In a case brought by activist Larry Klayman, Washington DC district court judge Richard Leon ruled that the NSA must cease collecting the defendants’ information. Leon said he believed it was “substantially likely” that “the program is unlawful”, and that in that event, “the plaintiffs have suffered concrete harm traceable to the challenged program”.
A different panel of judges in a similar case ruled in favor of the NSA in October.
As a result of the ruling, the NSA must also quarantine the data it already has related to Klayman, a conservative activist attorney and founder of Freedom Watch, and his co-plaintiffs, Charles and Mary Ann Strange. A Department of Justice spokesman said: “The government is reviewing the decision.”
The bulk metadata collection program, first made public by NSA whistleblower Edward Snowden, is due to end 29 Novembe. But the judge said that a Pyrrhic ruling was important given the high stakes. Klayman v Obama would not, he said, “be the last chapter in the ongoing struggle to balance privacy rights and national security interests under our Constitution in an age of evolving technological wizardry”.
Elizabeth Goitein, co-director of the Liberty and National Security Program at the Brennan Center, said: “It may seem symbolic, but it isn’t, because there is tangible harm ... There would be new data collected and stored for five years, and that’s not nothing.”

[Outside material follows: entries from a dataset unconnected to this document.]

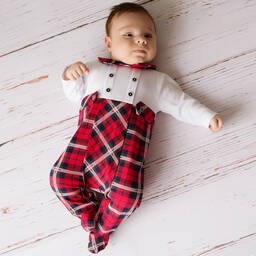 Sofija-Baby Tartan Cotton Babygrow | Childrensalon Outlet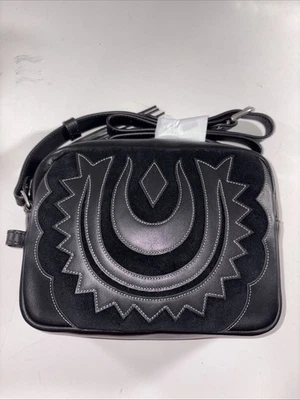 Tecovas Women's Horseshoe Topzip Crossbody Black Cowhide/Suede NEW! - Image 1 of 4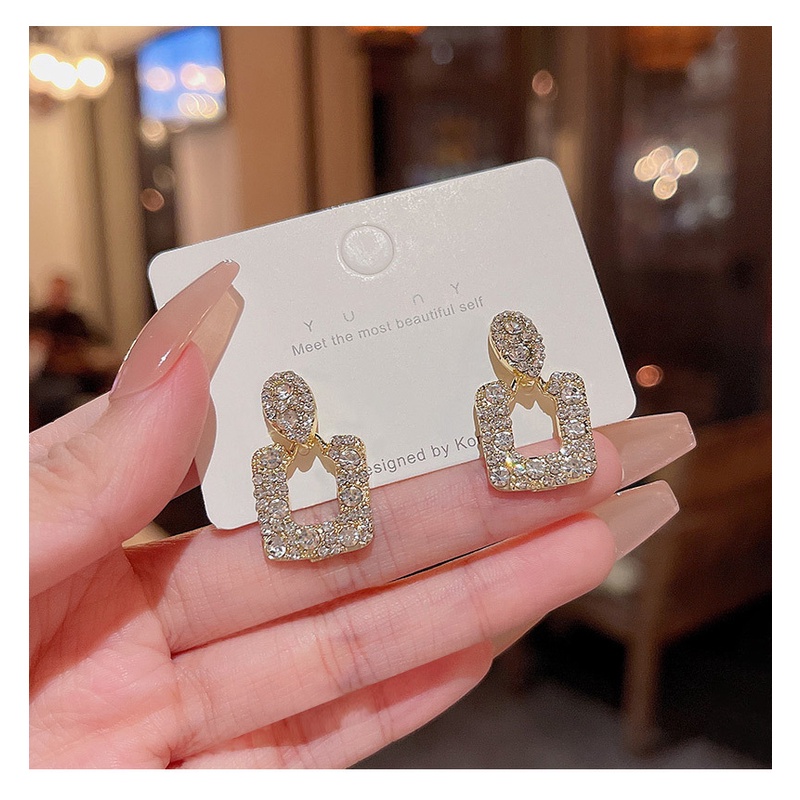 Bông Tai Mạ Bạc Hình Vuông Phong Cách retro Pháp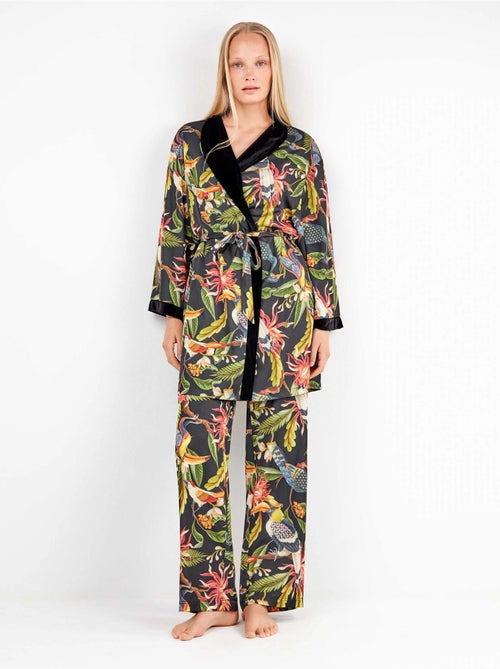 Kimono reversible en tejido de satén y terciopelo - Kiabi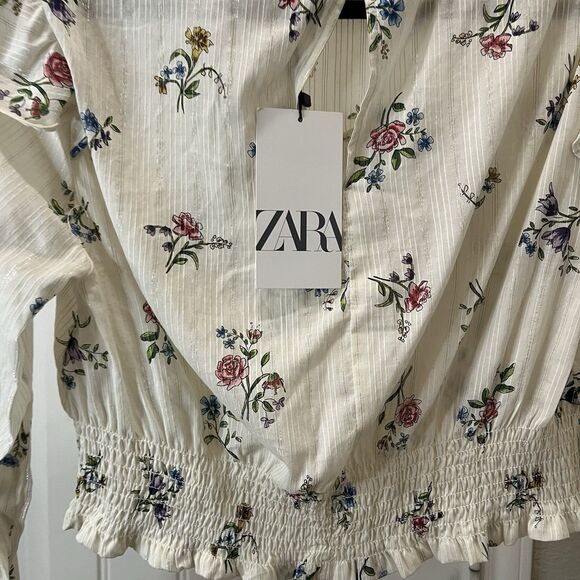 Zara Floral Cream Metallic Striped Long Sleeve Ruffle Crop Smocked Top Juniors L - Picture 7 of 11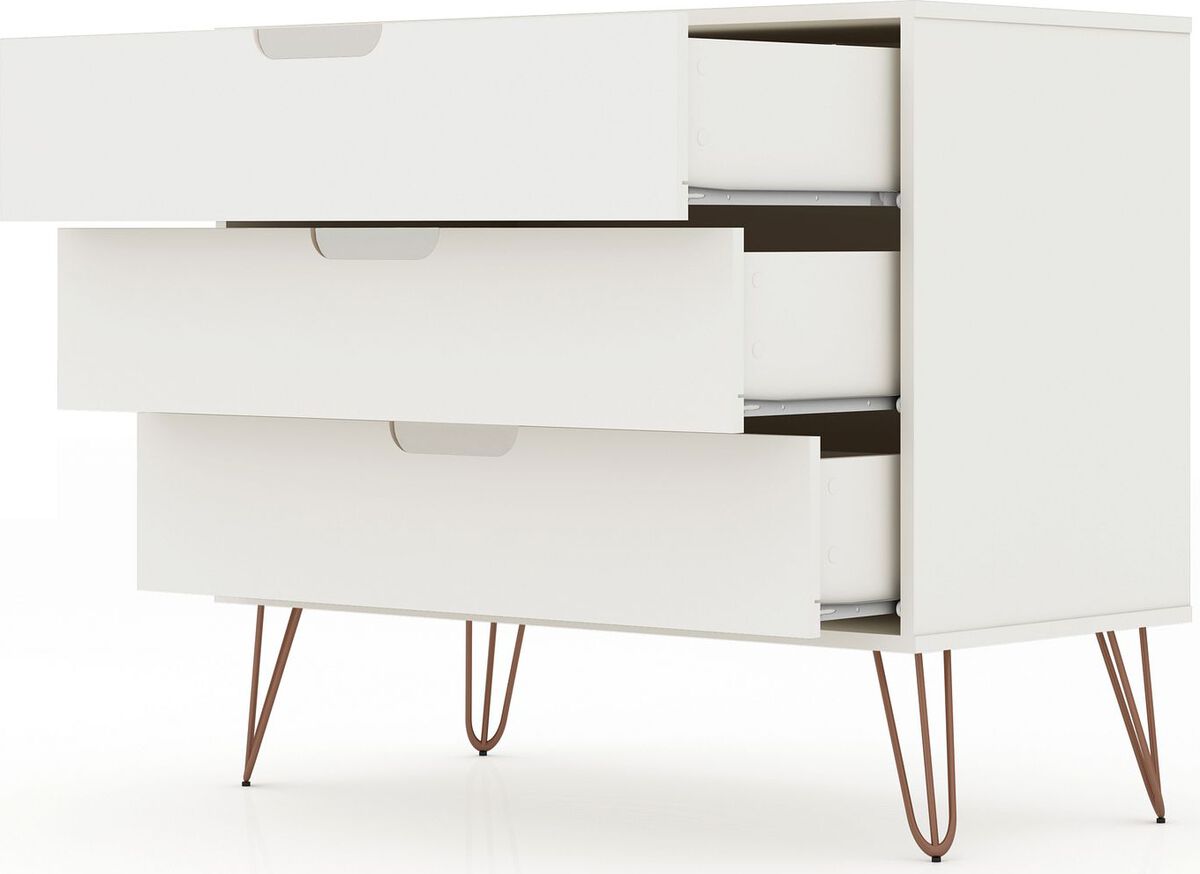 Manhattan Comfort Dressers - Rockefeller Mid-Century- Modern Dresser with 3- Drawers in White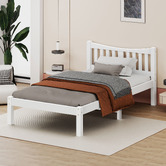 Hoxton Room White Carmilla Pine Wood Bed Frame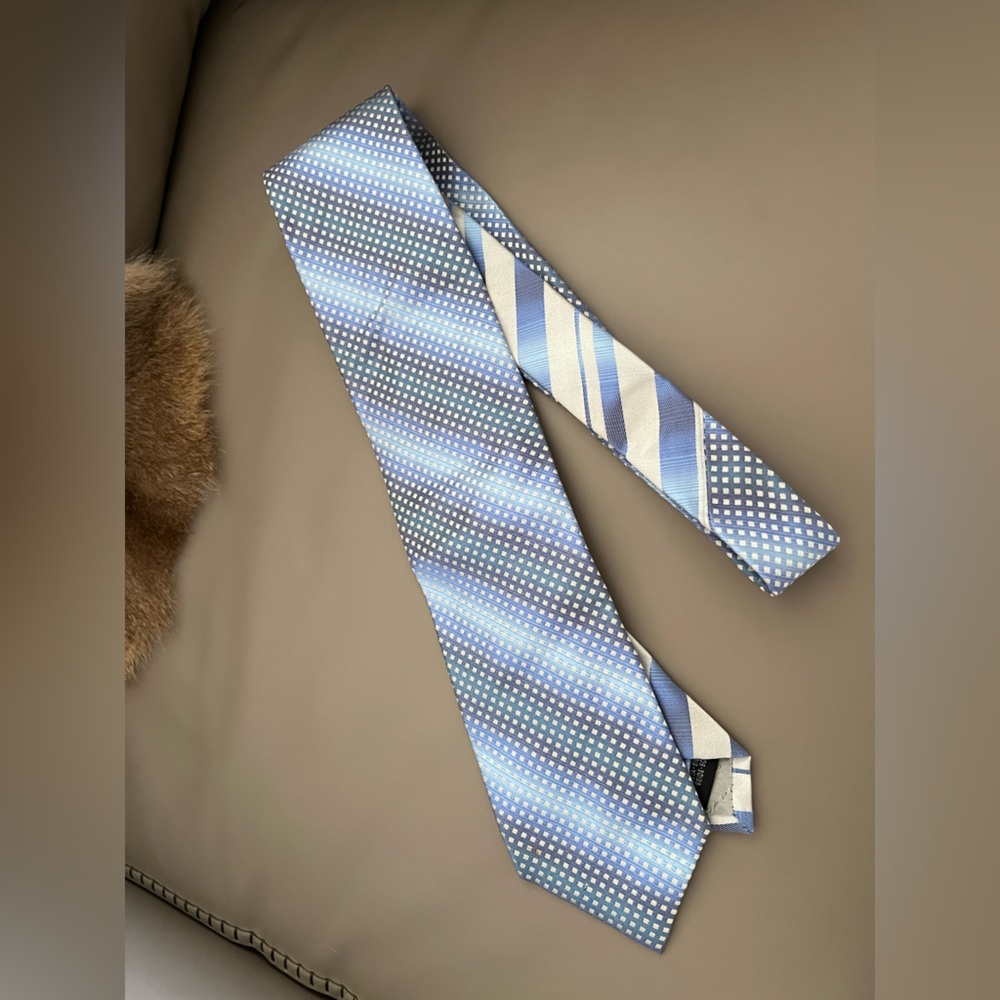 Paolo Sky Blue and White Patterned Tie
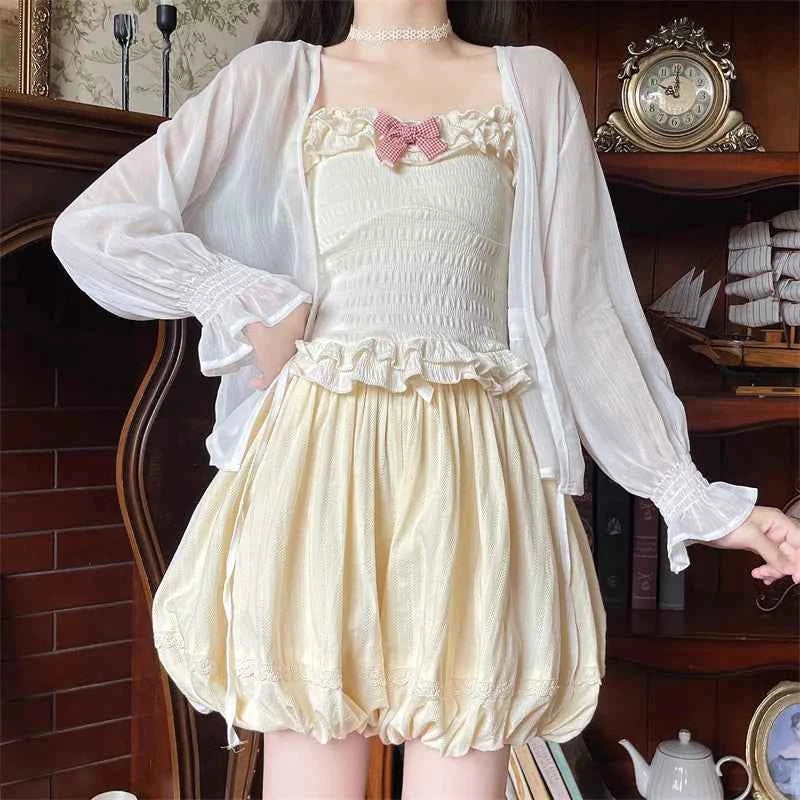 Japanese Sweet Lolita Skirt Summer High Waist A-Line Faldas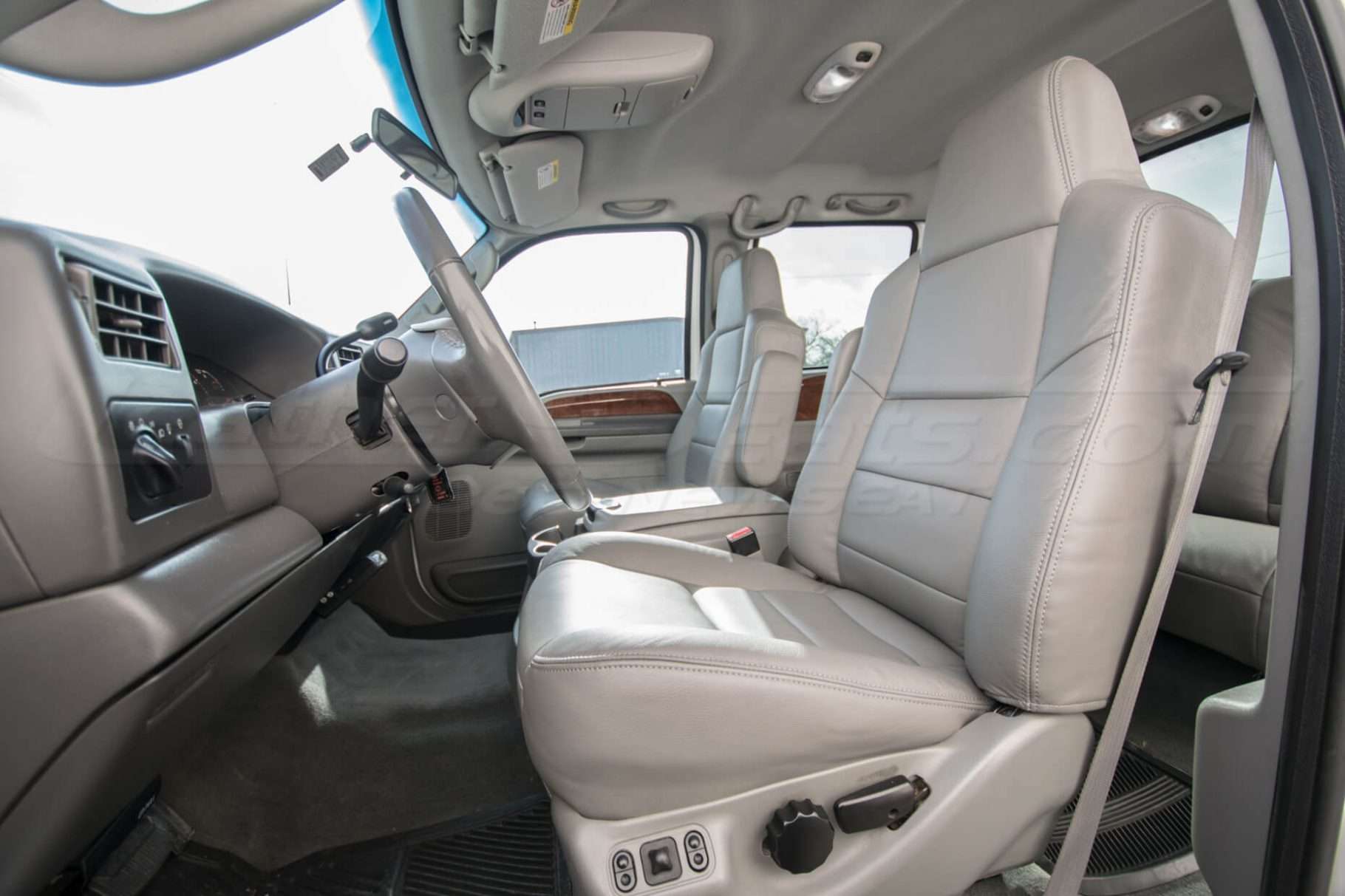 2002-2007 Ford Superduty Install - Light Grey - Front driver seat low view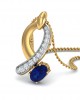 Rami Blue Sapphire & Diamond pendant in Gold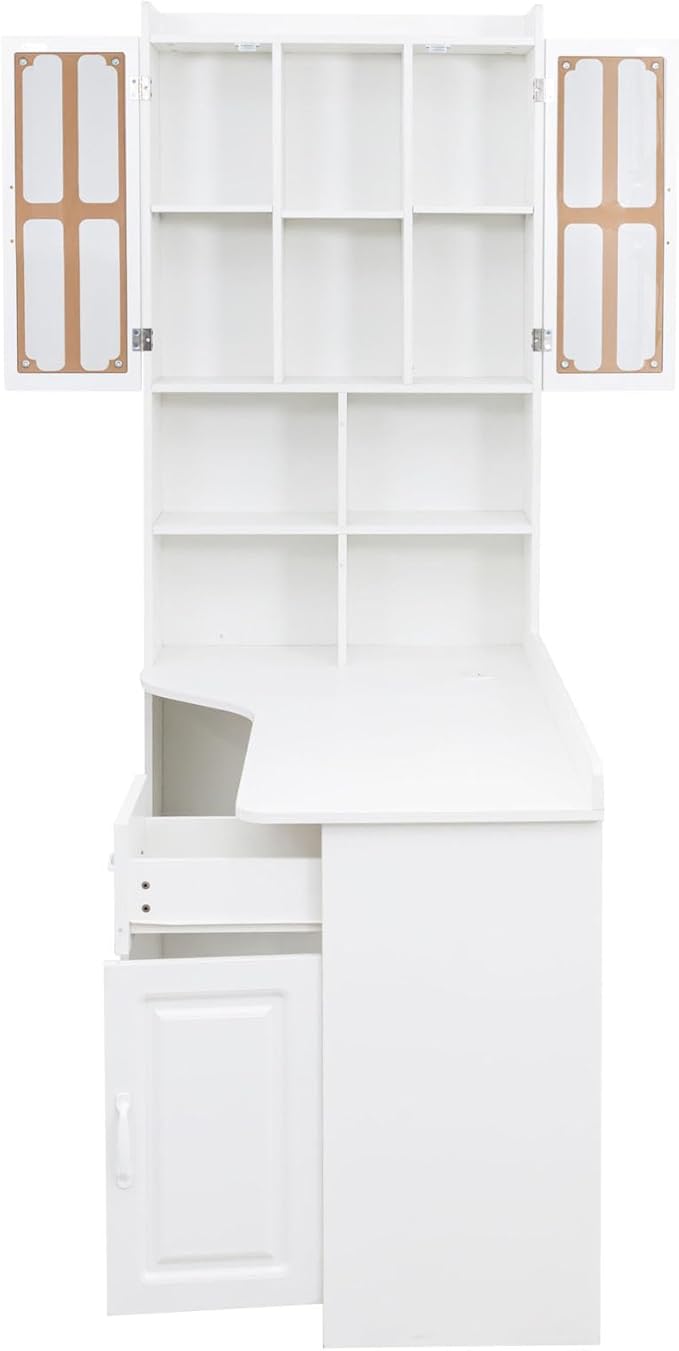 l Shaped Desk with Hutch &amp Drawers Small Corner Desks for Small Space Home Office Farmhouse Desk and Bookshelf Combo with Storage (White)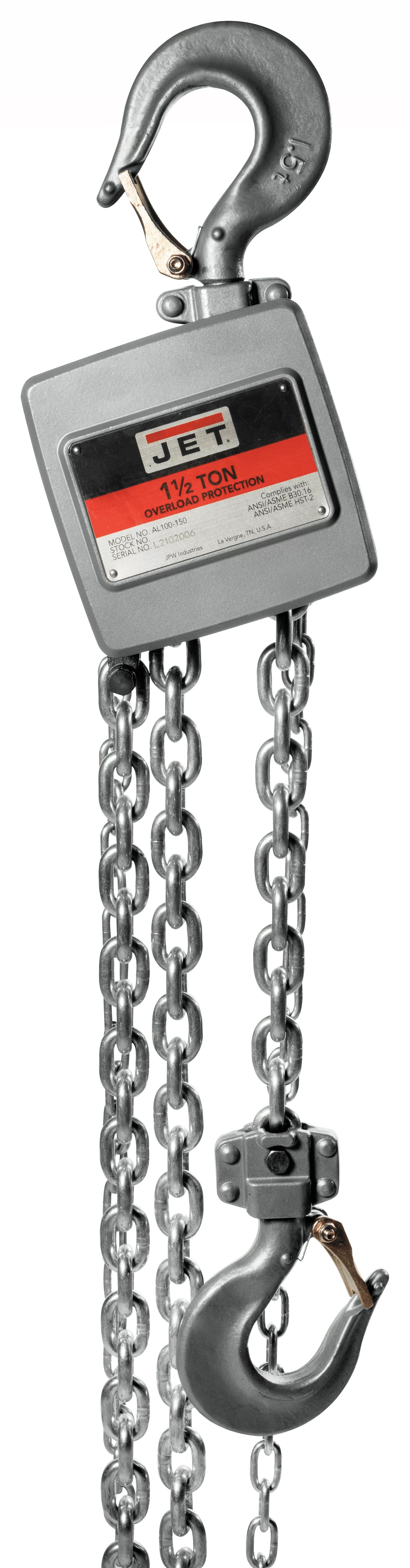 AL100-150-10 1-1/2 Ton Aluminum Hand Chain Hoist with 10ft of Lift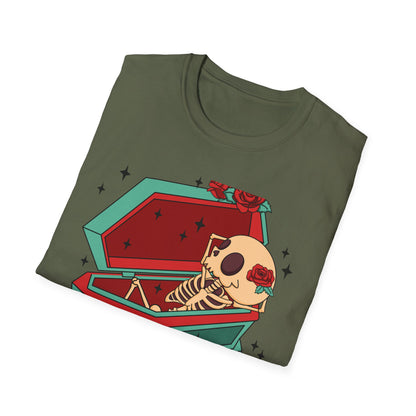Chill Skeleton in Coffin T-Shirt | Unique Spooky Cute Goth Tee with Red Roses | Ultimate Alternative Style
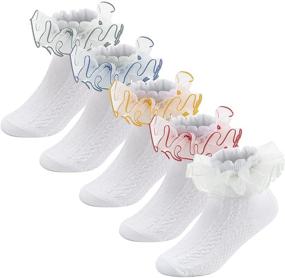 img 4 attached to 👸 Frilly Ruffles Princess Dress Socks for Little Girls - Lace Socks for Toddlers and Big Kids, Multiple Color Packs of 5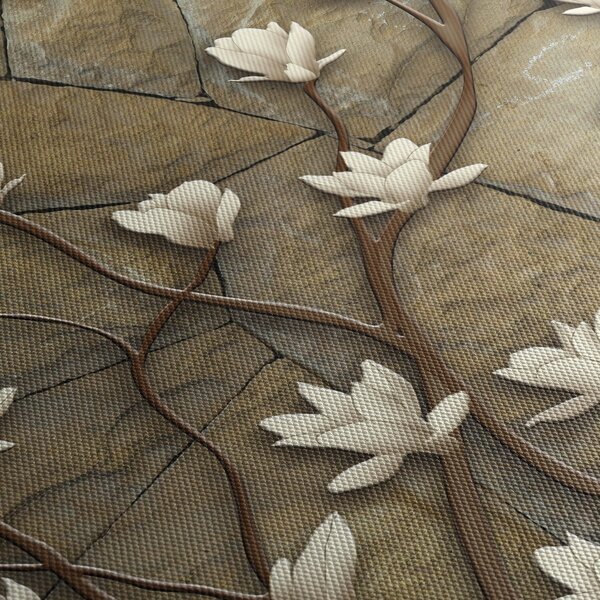Slika - Bele magnolije na kamnitem zidu (90x60 cm)
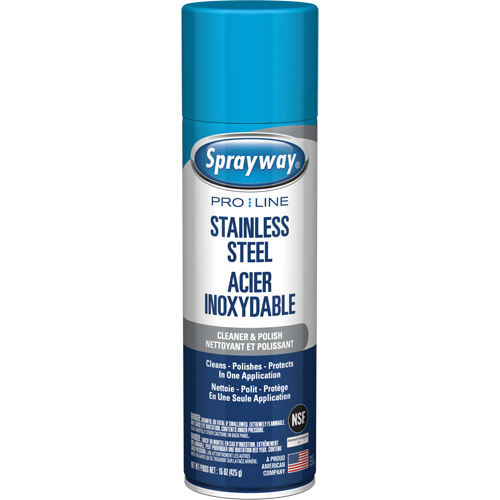 Nettoyant & polis pour acier inoxydable Pro Line, 15 oz, Canette a&eacute;rosol Nuna Depot Inc.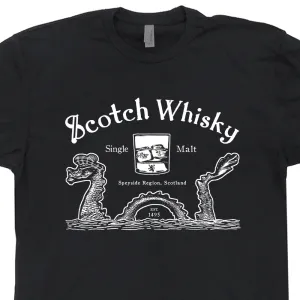 Scotch Whisky T Shirt Loch Ness Monster Shirt Scotland Tee Shirt Scottish Bar Shirt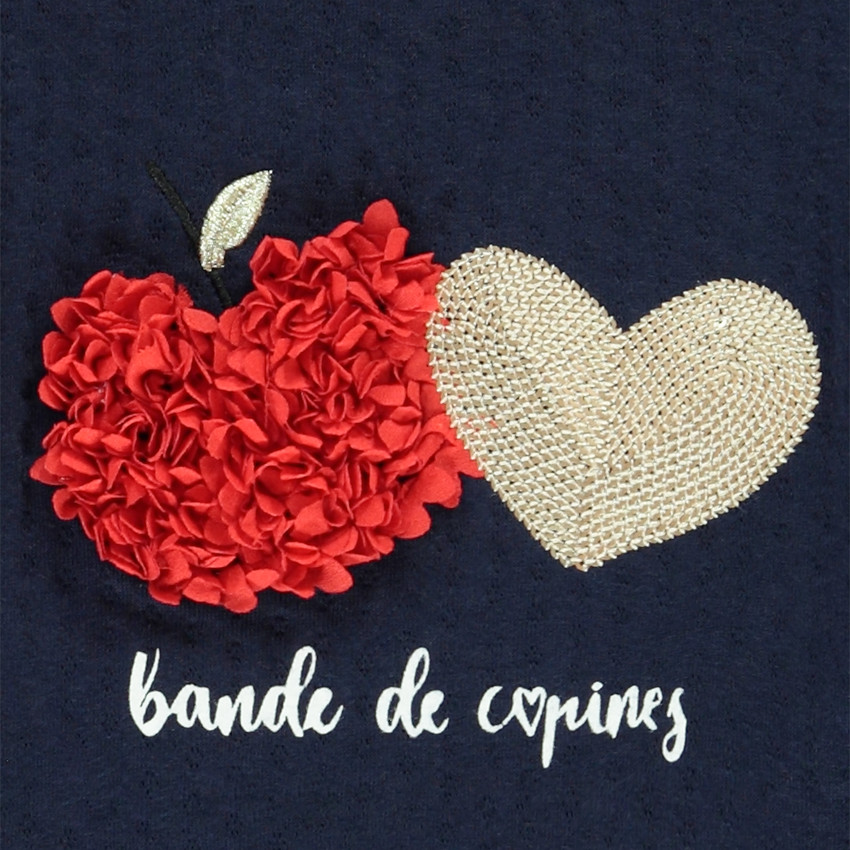 Sweat en molleton avec print fantaisie en relief et paillettes pour fille 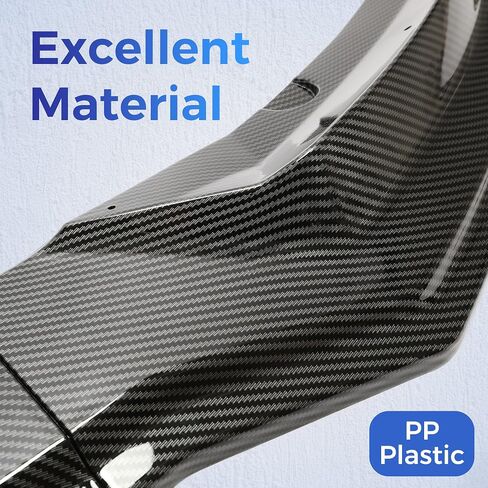 HECASA 3-Piece Front Bumper Lip Compatible with 2017-2023 Tesla Model 3 Splitter Trim Protection Under Chin Spoiler Splitter PP Plastic Carbon Fiber Color in Saudi Arabia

The ruling, said Gotein, “says you can’t just sort-of comply with the law, which is what the government had been saying it was going to do. There’s not wiggle room in the constitution.”
Snowden called the ruling “historic” in a message posted on Twitter.
“The government should now commit to destroying the call records that it collected illegally – not just its database of ‘raw’ data but any subsidiary databases that include query results,” wrote Klayman in a statement.
The government hid behind a veil of secrecy in order to conduct the “likely unlawful” activity, Leon found. “To them, it is pure ‘conjecture’ that ‘records of Plaintiffs’ calls have been’ or ‘will be’ reviewed ‘during the remaining two months of the Section 215 program,’” he wrote. “I wholeheartedly disagree.”
Leon said he regretted not issuing the injunction when he first ruled on the case, and that his faith in the appeals system had been misplaced. “In my December 2013 Opinion, I stayed my order pending appeal in light of the national security interests at stake and the novelty of the constitutional issues raised,” he wrote. “I did so with the optimistic hope that the appeals process would move expeditiously.”
“However, because it has been almost two years since I first found that the NSA’s Bulk Telephony Metadata Program likely violates the Constitution and because the loss of constitutional freedoms for even one day is a significant harm,” he continued, “I will not do so today.”